EXERCISE BRIEF: Using the records below, copy every line that holds the string "organización".
══════════════════════════════
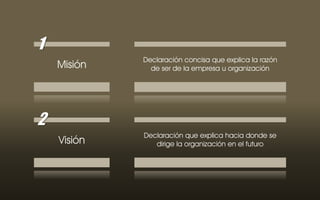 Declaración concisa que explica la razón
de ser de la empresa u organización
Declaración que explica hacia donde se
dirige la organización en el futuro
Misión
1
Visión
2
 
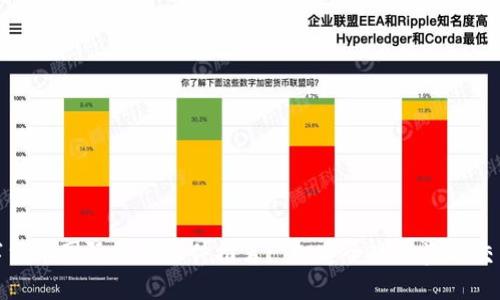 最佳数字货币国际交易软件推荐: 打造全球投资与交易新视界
══════════════════════════════
RESULT OF THE TASK:
de ser de la empresa u organización
dirige la organización en el futuro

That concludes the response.